(Records from a data collection)
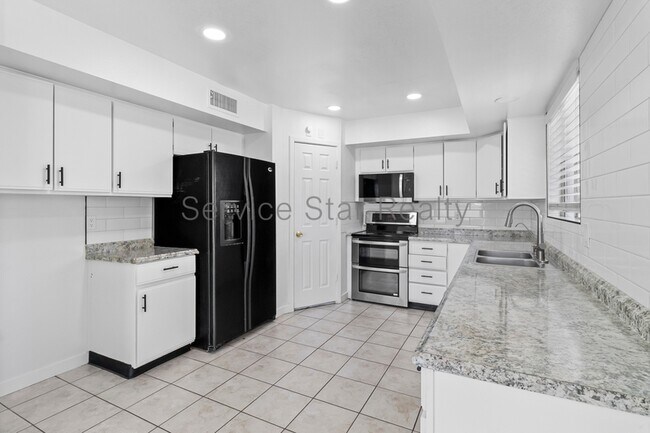 4767 W Piute Ave Glendale, AZ 85308 photo 4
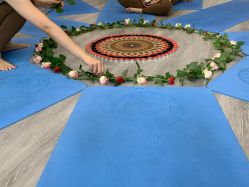 -亚太瑜伽普拉提学院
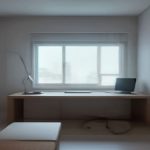 Global Freelance Siteleri ile Türkiye'den Dünyaya İş Yapmak: Kapsamlı Rehber
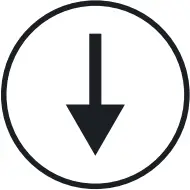 JBL TUNE670NC - APP 1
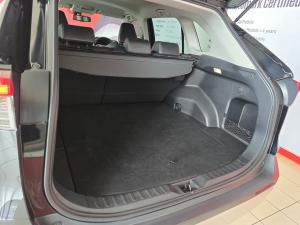 Toyota RAV4 2.0 GX-R AWD - Image 15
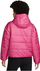 Јакна за жени Nike 1925434-24544757, 36-38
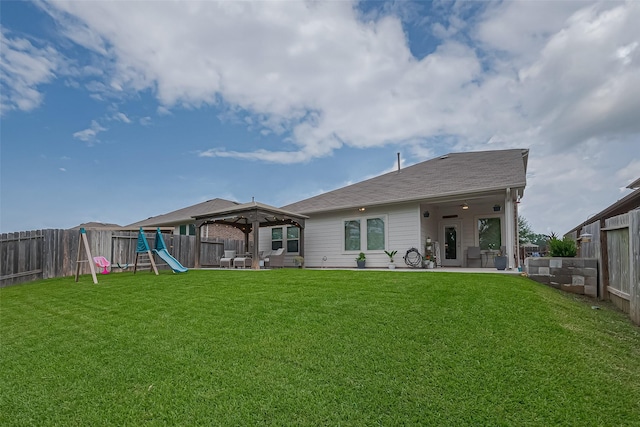 40513 Warialda Trce, Magnolia, TX 77354 - photo 41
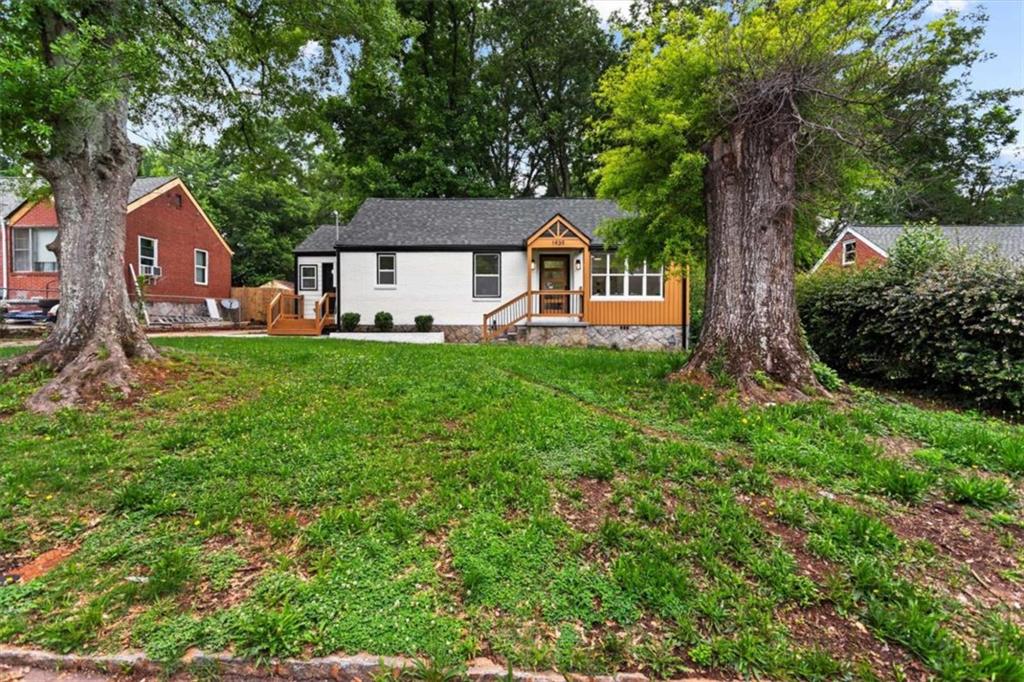 1939 Willa Dr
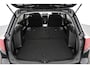 Suzuki Vitara 1.5 Hybrid Select Apple/Android Auto | Stoelverwarming | Automaat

*Task to carry out:*
The required output is a verbatim repetition of the lines from the opening of the entries above through the line containing "1939 Willa Dr", inclusive, with no pictures and nothing else.

*Response for this exercise:*
 4767 W Piute Ave Glendale, AZ 85308 photo 4
 -亚太瑜伽普拉提学院
 Global Freelance Siteleri ile Türkiye'den Dünyaya İş Yapmak: Kapsamlı Rehber
 JBL TUNE670NC - APP 1
 Toyota RAV4 2.0 GX-R AWD - Image 15
 Јакна за жени Nike 1925434-24544757, 36-38
 40513 Warialda Trce, Magnolia, TX 77354 - photo 41
 1939 Willa Dr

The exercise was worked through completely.